Building a house is no easy feat. Developing new materials and techniques to build a house from scratch is even harder. Designing and constructing an industrial size 3D printer to produce a real-size replica of an Amsterdam canal house using self-produced recycled material is nothing short of paradigm shifting.

On the industrial shores of Amsterdam North, under the inspirational shadow of Eye Film Museum, a team of renegades are busy building a new school of thought one 3D printed brick at a time. The 3D Print Canal House is a buzzing hub of innovation that aims to bring the world of 3D printing from the miniature to plus size. Our group of creatives from Amsterdam design firm VBAT were taken through the thought processes, techniques and machinery involved in the project.

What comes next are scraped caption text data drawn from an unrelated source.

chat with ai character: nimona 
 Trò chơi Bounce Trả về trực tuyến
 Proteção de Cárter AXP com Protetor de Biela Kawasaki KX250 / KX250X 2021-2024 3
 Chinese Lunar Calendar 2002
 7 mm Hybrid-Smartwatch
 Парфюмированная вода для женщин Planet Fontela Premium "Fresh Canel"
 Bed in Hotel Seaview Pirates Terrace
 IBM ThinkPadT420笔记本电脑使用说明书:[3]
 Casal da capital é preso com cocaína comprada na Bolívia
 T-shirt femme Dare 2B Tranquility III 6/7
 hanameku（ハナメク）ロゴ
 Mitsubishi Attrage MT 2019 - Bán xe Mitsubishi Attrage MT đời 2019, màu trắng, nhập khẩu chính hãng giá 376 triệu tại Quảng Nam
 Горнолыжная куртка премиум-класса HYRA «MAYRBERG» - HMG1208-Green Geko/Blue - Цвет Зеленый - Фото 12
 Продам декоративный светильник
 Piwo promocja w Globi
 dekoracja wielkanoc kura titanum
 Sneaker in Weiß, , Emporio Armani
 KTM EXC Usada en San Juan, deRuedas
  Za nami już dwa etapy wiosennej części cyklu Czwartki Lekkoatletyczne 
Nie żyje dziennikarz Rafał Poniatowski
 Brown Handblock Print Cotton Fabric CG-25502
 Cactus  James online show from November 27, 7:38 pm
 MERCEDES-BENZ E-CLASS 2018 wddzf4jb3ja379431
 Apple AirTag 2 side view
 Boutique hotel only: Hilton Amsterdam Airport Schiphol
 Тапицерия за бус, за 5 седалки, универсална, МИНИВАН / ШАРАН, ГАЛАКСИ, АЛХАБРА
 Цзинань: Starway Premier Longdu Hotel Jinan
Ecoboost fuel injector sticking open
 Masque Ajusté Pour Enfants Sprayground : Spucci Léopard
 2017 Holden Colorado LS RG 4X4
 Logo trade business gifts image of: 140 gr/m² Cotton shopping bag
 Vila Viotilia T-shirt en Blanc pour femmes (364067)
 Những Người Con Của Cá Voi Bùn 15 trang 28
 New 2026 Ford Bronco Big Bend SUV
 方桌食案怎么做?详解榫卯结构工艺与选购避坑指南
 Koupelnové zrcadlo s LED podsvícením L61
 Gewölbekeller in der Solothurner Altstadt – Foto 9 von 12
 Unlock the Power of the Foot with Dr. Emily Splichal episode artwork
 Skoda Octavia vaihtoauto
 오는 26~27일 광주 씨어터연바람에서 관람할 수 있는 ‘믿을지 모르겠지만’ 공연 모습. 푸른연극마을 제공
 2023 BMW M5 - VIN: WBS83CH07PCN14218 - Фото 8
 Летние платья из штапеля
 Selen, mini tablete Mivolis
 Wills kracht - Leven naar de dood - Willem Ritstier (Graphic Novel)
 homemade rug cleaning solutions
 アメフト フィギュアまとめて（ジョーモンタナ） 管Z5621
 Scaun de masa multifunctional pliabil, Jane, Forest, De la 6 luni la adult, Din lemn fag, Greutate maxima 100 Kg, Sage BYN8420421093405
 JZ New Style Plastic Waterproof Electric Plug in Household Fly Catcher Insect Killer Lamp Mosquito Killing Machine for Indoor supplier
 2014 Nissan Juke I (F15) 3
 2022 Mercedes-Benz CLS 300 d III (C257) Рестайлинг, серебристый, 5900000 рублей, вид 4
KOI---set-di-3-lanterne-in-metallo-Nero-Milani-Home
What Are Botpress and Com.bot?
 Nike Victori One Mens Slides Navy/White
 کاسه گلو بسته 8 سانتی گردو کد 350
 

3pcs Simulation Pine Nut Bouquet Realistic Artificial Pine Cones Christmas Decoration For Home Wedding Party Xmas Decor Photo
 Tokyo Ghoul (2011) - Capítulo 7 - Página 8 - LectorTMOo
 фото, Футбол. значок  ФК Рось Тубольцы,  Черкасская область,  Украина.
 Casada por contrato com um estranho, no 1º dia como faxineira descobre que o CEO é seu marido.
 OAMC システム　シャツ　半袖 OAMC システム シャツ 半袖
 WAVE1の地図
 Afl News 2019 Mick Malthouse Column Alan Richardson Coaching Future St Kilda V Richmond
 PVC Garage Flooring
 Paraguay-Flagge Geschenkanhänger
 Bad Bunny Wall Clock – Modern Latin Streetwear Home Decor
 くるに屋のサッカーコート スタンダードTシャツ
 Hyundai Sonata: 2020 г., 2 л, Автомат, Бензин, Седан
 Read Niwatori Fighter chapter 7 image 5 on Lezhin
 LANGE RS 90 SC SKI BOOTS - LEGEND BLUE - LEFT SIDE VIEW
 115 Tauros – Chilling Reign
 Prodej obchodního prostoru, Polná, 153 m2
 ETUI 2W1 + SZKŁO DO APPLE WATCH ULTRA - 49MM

On a chilly Amsterdam night we journey through the process to build a 3D Print Canal House: the scale model (right) and a failed part (left).

With no fixed timeline or profit-hungry investors (they do have some silent partners and backers) the team at DUS Architects who are building the 3D Print Canal House are happily consumed in their project. Every element of the construction process is considered, re-considered, questioned, and deconstructed. The entire project is developing and changing with each arising challenge: The material isn’t weather-proof… let’s develop a new formula; The layers aren’t sticking…why don’t we try print on an angle?; The density is weak… Maybe add fibre? Our guide, Tosja, openly admits they haven’t got all the answers, they don’t know what will happen, but they’re 100% sure that they will, at some point, have a 3D printed canal house.

“Failures and faults can be melted down and reborn as successes”

It seems within the 3D printing world there are two camps; the boutique crafty bunch that welcome the deformities that the technique brings as unique wonders of production; and this new industry leaning sector that seeks the kind of regularity and reliability you’d expect of the construction industry. Either way, one of the great joys about 3D printing is the unending trial and error process where failures and faults can be melted down and reborn as successes.

Left: The printer in action. Center: A slab of 3D printed material. Right: A 3D printed house plans

It’s this lack of wastage that endears 3D printing to so many. But that’s only part of the story, it’s the ability to mimic the function of existing materials that is truly mind-blowing. Where before every layer of a house contained individual materials with unique functions here with 3D printing these elements are unified. Once this principal is understood the limitless possibilities of creation is frankly frightening. A bone, for example, with all its multi-functional parts; the spongey inner and dense outer, the vessels and joints, can also be reproduced by a 3D printer.

With its limitless possibilities of creation, lack of wastage, and pioneering belief of it’s early adopters, it seems in 3D printing we have the production technique of our age. A means of creation that could genuinely alter the course of industrial design, construction and society. To actually be amongst this bustling practice, at the avant-garde of a field of design, was indeed an inspiration experience.